Why, never heard of heather honey?
Look it up - up to 25%.


Various non-floral honeys can also be high in water.
Up to 23% or so.
Look it up.

PS: I don't argue that the sources are out utmost importance in the end result of honey making; 
I just suggest that maybe the bees themselves are part of it too - this part is somehow written off as if non-essential (but I am unconvinced).


----------



## GregB (Dec 26, 2017)

Heck, and for the fun of it....
Here is a PDF copy of manual on the* honey authenticity analysis *for colleges (in Russian).
Pay attention to the highlighted ranges of water contents in 1)floral honeys, 2)non-floral honeys, 3)sugar honeys.
This is a compilation from various scientific sources (Table 2, page 28).
Should suffice for the "up to 25%" water content (published sources).
Unsure when I get to re-test that for myself.  
Low priority, people already have done the work.















https://nubip.edu.ua/sites/default/files/u104/%D0%95%D0%BA%D1%81%D0%BF%D0%B5%D1%80%D1%82%D0%B8%D0%B7%D0%B0%20%D0%BC%D0%B5%D0%B4%D1%83.pdf


----------



## crofter (May 5, 2011)

Here is an interesting web site.
It talks about what is generally good practice and also mentions a fair bit about outliers in moisture content. Despite having moisture content much higher than most standards suggest, they may or may not ferment.
My guess is that is influenced by the particular yeasts contained. Binnie mentions certain geographic areas susceptible to fermentation at levels others honey would not.


__
https://www.reddit.com/r/Beekeeping/comments/4rdul2


----------



## GregB (Dec 26, 2017)

crofter said:


> Here is an interesting web site.
> It talks about what is generally good practice and also mentions a fair bit about outliers in moisture content. Despite having moisture content much higher than most standards suggest, they may or may not ferment.
> My guess is that is influenced by the particular yeasts contained. Binnie mentions certain geographic areas susceptible to fermentation at levels others honey would not.
> 
> ...


Certainly I can understand this:


> *Binnie *dries down honey to well below 18% if I remember his words correctly,* before he will put his name on it as a packer of thousands of tons.*


But being a small hobbyist I don't give a hoot.
I want to have the real deal honey for what it really is.
Otherwise, Walmart has all the honey at 18% water content guarantied.
Maybe some of that Walmart honey is even sourced from B. Binnie.


----------



## crofter (May 5, 2011)

GregV said:


> Certainly I can understand this:
> 
> 
> But being a small hobbyist I don't give a hoot.
> ...


The big boys can take advantage of the low moisture and high moisture honey combined and pasteurized so as not to ferment and it is all good. Not suggesting they would risk doing it but they could even water down the 17% stuff and it would meet the criteria. Tho Binnie is a big boy I am sure that HE values his rep. much too high to risk it with any such shenanigans!


----------



## GregB (Dec 26, 2017)

crofter said:


> The big boys can take advantage of the low moisture and high moisture honey combined and pasteurized so as not to ferment and it is all good. Not suggesting they would risk doing it but they could even water down the 17% stuff and it would meet the criteria. Tho Binnie is a big boy I am sure that HE values his rep. much too high to risk it with any such shenanigans!

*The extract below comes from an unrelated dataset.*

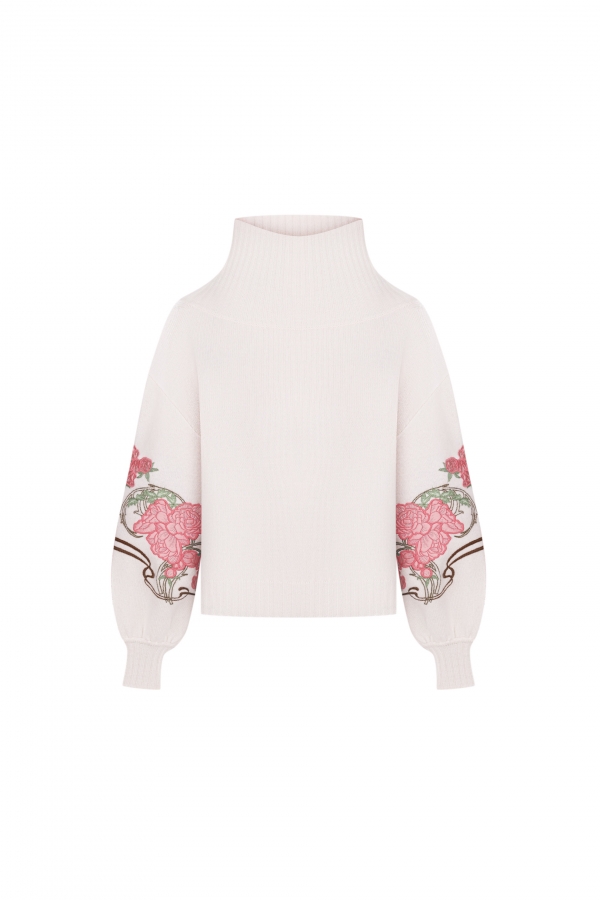 Organic Mongolian cashmere Turtle neck with silk embroidery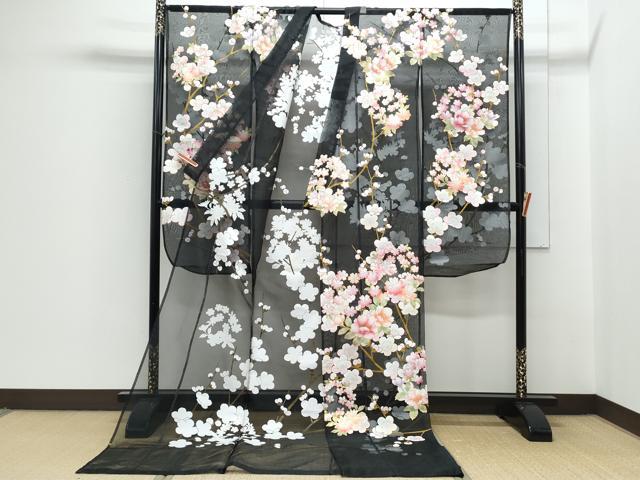 平和屋着物＊夏物 お引きずり・お引き摺り・引き振袖 和装 結婚式 舞妓 芸妓 芸者 衣装 枝花文 オーガンジー 黒地 金銀彩 逸品 CABH3899th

Certainly; it is his business.

But you and I pulled up enough data already that solidly show that capped honey water content can be all over the place (up to 25%).
This is normal and expected and no shenanigans are involved.

And the bees don't give a hoot of USDA expectations (though some people seem to think so, hehehe.. ).


----------



## gator75 (Apr 21, 2021)

First year Florida backyard beekeeper here. I pulled maybe 15 frames of honey at various times this year. The tallow was an average thickness. The rest was much more runny. Not quite like syrup, but runnier than any other honey I'd purchased. No feeding was done, no heating, just uncap (it was all 100% capped) extract and bottle. At first I was apologetic for the consistency when I gave it away to friends, but not for long as everyone raves about it and asks for more.

Mine is consumed quickly and I have no intention on giving it back to the hives.


----------



## GregB (Dec 26, 2017)

Raw, unfiltered, unpasteurized and of random wetness and flavor - that what makes self-produced honey worth it.

Otherwise, why even bother with bees - boring, predictable, safe, and cheap - Walmart-grade honey is always available.


----------